MHA works closely with multiple health insurance companies to provide a number of options. The Affordable Care Act also opened up a number of options for those with pre-existing medical conditions. We can help you navigate your options with factual information to help you make the best decision for you and/or your family.
Why don’t music organizations like the Grammys or Country Music Association offer group health insurance for their members?
True group health insurance — meaning regulated by Federal Law — is very expensive, especially when there is no employee/employer relationship. Legally, a group health plan can be created when there are two or more unrelated employees of the same company. However, associations and trade organizations fall into another category. Association plans are not regulated by Federal Law and often have extensive internal limitations. It’s important to read the fine-print to understand what is — and what is not — covered by an association health plan. MHA can help!
What’s a deductible?
A deductible is the amount of money an individual has to pay before insurance coverage begins. Services with copays or preventative visits are typically not subject to one’s deductible.
What’s a pre-existing condition?
A pre-existing condition is a health issue that exists before an individual applies for a health insurance plan.
What’s a High Deductible Health Plan?
High Deductible Health Plans (HDHPs) have a lower monthly premium and a higher deductible than most traditional plans. HDHPs are a form of catastrophic coverage and are often a requirement for a Health Savings Account (HSA).
What’s a Health Savings Account and who’s best suited for one?
A Health Savings Account (HSA) combines a tax-deductible savings account with a high deductible insurance plan. The funds contributed to the savings account are not subject to federal income tax at the time of deposit, roll over annually, and are never taxed if used for eligible medical expenses. HSAs are a good fit for healthy individuals who do not make frequent trips to the doctor or who have regular prescriptions for expensive medications.

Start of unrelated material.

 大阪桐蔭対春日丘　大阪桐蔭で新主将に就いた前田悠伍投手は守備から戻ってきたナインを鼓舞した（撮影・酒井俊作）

What’s a Short-Term Insurance Plan and how long does one last?
A Short-Term Health Insurance Plan is a temporary health insurance coverage option designed to provide medical benefits for a limited period. These plans are typically intended to bridge gaps in coverage when individuals are between jobs, waiting for employer-sponsored insurance to begin, or during other transitional periods. Doctor’s office visits and prescription costs are usually not covered. Short-Term Health Insurance Plans often range from one to six months, depending on the insurance company.
What are my options if I’ve been denied individual health insurance and have no access to a group plan?

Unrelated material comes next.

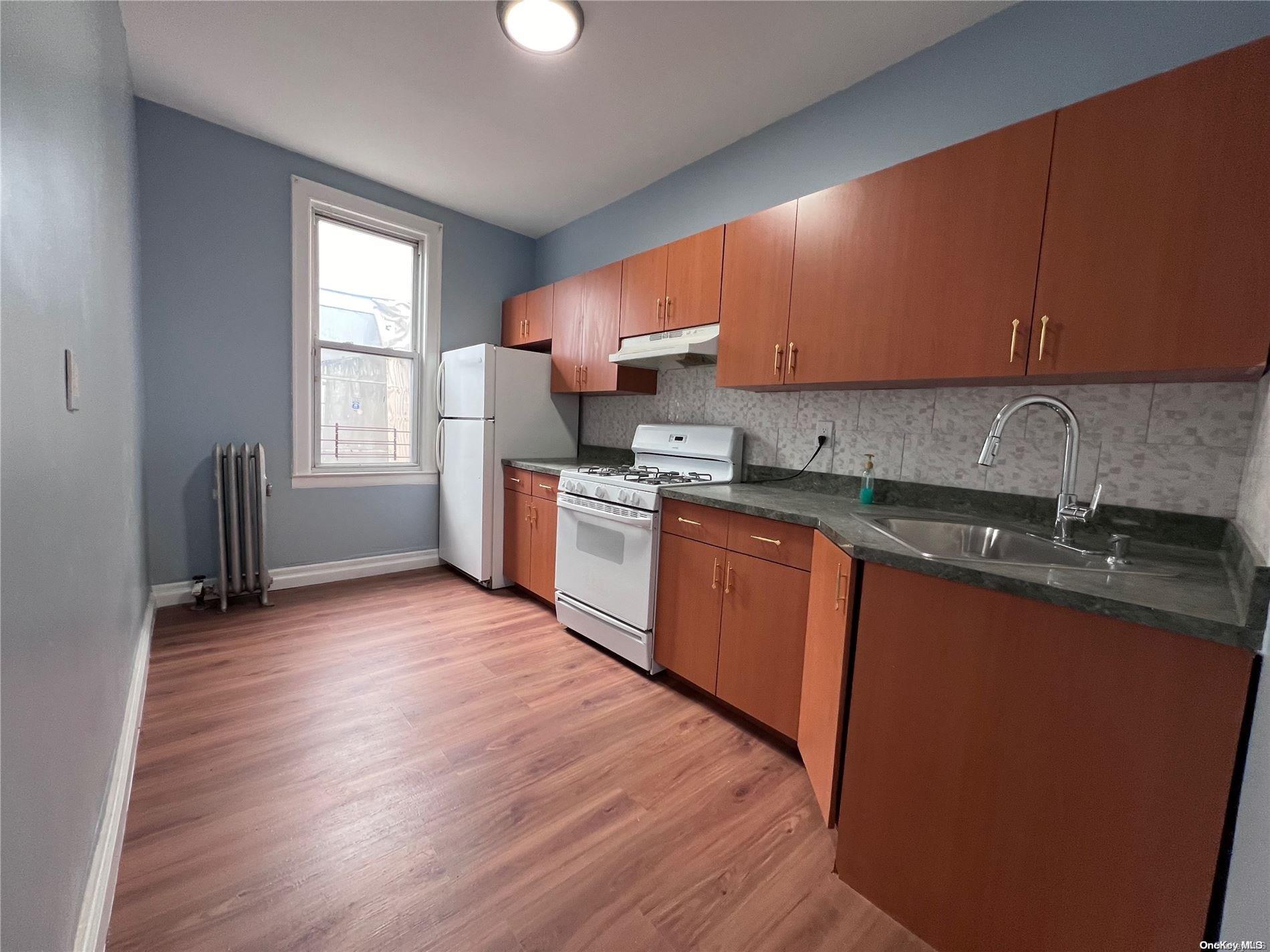 35-10 103rd Street Property Photo 9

There are sometimes state and federal programs available to those who have been declined due to health history. At MHA, our healthcare advocates have a proprietary list of healthcare options and resources in all 50 states.
What are some services covered by preventative benefits in my health insurance plan?
A yearly pap smear test, mammograms, immunizations, cholesterol screenings, prostate and Prostate-Specific Antigen screenings, bone density testing, colonoscopies, and more are all covered by preventative benefits. Our healthcare advocates can provide you with an extensive list of wellness and preventative services that are covered by your health insurance plan.
What’s the difference between in-network and out-of-network?
In-network healthcare providers meet certain credentialing requirements and agree to accept discounted rates for covered services under your health insurance plan. They can help you save money by performing services at a pre-negotiated rate.
When a doctor or facility has not contracted with your health insurance plan, they’re considered out-of-network and charge full price. The cost is usually much higher than the in-network discounted rate.